I was feeling with the MC the desire for some heavenly "chutspa." I'd like to hear the end, too.
07/27/07
Great piece. I could relate to the MC's feelings.
Right on topic! What if he attacks my beliefs and I have no answer? That's a fear I hold also - sounding like a fool. Your story will hit deep for many believers. Great characterization; wonderful, natural-sounding dialog and interaction between husband and wife. Loved it!
07/27/07
You characterization is so wonderful, I felt like I was right there tugging on the other side of the sheet! Thanks for sharing this awesome story filled with inspiration!
So, what did happen? Ya gotta write more. This was well written, and has an easy, natural flow about it. Good work.
07/28/07
Ah... I also want to know what happens!? You've left us panting for more! LOL.
Well written and very realistic. Well done! ~ Yulanda ~
07/28/07

I enjoyed the dialogue between the husband and wife. Telling family is hard enough without it involving a change of faith. Good story
07/28/07
I love everything about this piece from the title to the ending! Very well crafted piece with a message we can all relate to. There have been many times I could have used some Chutzpah myself. Great dialogue, superb storytelling. :-)
07/29/07
Super job! I could only imagine what that would have felt like, but you brought me right into the situation where I could feel your anxiety. Superb, masterful writing. God bless.
Oh this is so great. I could just picture the MC worrying and getting ready for the visit from her brother. You are an excellent story teller.
Wonderfully told and well-written! Quite masterful.

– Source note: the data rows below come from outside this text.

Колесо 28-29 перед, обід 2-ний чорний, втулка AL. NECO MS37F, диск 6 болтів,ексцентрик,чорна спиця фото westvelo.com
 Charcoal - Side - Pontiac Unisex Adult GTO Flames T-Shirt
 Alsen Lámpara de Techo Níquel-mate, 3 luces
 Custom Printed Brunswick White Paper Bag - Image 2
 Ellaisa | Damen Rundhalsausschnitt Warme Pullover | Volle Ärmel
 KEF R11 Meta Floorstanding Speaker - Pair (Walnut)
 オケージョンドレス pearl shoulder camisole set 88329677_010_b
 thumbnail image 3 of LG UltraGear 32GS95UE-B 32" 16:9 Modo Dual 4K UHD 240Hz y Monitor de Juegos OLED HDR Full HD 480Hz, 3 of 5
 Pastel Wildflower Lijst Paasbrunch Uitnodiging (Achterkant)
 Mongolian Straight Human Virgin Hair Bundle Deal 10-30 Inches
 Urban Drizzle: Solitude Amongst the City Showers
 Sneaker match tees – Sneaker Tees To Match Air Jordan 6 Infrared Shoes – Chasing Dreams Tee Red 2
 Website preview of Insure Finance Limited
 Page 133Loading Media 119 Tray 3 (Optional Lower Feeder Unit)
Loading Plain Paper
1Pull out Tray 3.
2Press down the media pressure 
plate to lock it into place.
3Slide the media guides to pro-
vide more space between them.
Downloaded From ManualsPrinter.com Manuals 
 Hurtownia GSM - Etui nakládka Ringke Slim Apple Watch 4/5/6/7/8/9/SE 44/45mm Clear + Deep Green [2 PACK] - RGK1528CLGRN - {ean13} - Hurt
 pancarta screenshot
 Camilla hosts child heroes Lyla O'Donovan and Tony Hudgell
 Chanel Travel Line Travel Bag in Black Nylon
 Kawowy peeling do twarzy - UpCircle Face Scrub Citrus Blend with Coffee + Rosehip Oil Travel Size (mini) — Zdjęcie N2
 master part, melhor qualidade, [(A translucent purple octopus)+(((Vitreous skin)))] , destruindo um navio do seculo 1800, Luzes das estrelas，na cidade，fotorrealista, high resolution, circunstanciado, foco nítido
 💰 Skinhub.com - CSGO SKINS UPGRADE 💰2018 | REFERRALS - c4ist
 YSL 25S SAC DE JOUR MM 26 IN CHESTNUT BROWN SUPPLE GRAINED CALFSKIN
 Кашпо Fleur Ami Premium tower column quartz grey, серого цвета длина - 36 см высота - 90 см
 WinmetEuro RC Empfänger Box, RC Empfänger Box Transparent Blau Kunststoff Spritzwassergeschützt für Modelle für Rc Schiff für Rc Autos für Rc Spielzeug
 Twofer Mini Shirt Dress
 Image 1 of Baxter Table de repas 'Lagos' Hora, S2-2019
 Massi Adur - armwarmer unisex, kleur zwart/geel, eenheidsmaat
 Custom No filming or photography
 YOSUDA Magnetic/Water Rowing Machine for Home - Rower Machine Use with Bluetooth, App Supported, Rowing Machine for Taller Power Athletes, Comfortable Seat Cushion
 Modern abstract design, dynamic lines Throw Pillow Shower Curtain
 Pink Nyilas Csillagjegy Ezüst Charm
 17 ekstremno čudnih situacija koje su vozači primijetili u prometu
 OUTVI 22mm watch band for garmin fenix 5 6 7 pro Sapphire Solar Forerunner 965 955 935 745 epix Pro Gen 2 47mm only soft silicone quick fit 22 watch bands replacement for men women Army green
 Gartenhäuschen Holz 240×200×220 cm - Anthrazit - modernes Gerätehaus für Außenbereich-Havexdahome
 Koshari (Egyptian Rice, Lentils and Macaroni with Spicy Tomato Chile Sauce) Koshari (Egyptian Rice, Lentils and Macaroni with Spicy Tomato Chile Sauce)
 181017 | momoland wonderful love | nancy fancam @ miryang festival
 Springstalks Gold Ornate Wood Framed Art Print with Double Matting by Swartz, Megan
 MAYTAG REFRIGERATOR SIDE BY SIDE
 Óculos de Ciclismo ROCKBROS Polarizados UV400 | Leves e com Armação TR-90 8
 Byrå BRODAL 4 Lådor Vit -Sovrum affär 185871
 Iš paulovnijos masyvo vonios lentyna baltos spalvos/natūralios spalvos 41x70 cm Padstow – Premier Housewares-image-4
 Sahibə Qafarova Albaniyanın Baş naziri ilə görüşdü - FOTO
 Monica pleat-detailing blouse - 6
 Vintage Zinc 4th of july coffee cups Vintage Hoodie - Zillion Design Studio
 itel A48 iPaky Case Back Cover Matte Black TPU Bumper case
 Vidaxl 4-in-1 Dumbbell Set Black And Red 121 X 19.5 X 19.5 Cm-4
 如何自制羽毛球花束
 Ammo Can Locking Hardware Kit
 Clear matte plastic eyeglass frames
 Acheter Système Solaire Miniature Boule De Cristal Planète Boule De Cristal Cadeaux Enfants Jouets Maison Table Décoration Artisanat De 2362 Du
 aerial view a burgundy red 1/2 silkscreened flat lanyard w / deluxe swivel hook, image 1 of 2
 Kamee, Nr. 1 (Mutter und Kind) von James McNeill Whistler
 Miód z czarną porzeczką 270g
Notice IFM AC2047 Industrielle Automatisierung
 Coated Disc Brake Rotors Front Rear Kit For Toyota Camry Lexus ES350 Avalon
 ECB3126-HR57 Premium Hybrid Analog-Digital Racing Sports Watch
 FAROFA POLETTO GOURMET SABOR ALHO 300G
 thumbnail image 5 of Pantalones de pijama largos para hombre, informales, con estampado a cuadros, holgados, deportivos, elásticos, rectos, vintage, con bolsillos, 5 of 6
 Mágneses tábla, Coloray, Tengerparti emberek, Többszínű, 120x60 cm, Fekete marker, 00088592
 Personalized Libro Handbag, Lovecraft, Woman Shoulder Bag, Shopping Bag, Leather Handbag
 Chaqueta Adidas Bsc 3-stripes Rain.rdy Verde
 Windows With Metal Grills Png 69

I only wanted to know more... How did Davey take it? How did Dad take it? And was her hubby already a Christian? And where in the world is Pennsyltucky?... just kidding...

Blessings,
Cheri
07/29/07
Great - I really cared. But I was disappointed it stopped when it did. Want more - now!
07/29/07
I echo the above comments, and add that you have a deft touch for realistic dialogue. Very nicely done!
07/30/07
When I was scrolling down the entries in Masters earlier, your title caught my eye, and now I came back to read it!

I really enjoyed this story and would love to know what happened next! Also, I had a question while reading. Did Marcia's husband become a Christian with her, was he already a Christian, or did it just not bother him that she was one even if he wasn't??????

I loved the ending, too! :)
07/30/07
Argh!! You didn't finish the story!! How'd it go telling Davey and then Dad? Very well done--my gut was churning too. (but I still wanna know what happened next!) lol
You made my stomach churn. I could FEEL her anxiety. Great title. Wonderful entry.
07/31/07
I love a story where the dialog doesn't seem forced, therefore, I love your story. The flow was very nice between the characters. The tension was captured well in the wording of this piece.

The only problem I have with this is . . . what happened next! I was left hanging; which means I'm not going to be able to sleep tonight. :)

Good job!

Great story. Yes, it does offer a big lead in to the "the rest of the story", but I rather like where you ended it. Your whole style of writing flows easily, brings in the reader. Good job.
08/02/07
I can't think of anything new to add to the comments, I too enjoyed the wonderful story telling and easy flow of the dialogue. You definitely captured the emotions of a daughter, no matter what her age, trying to have her dad accept her.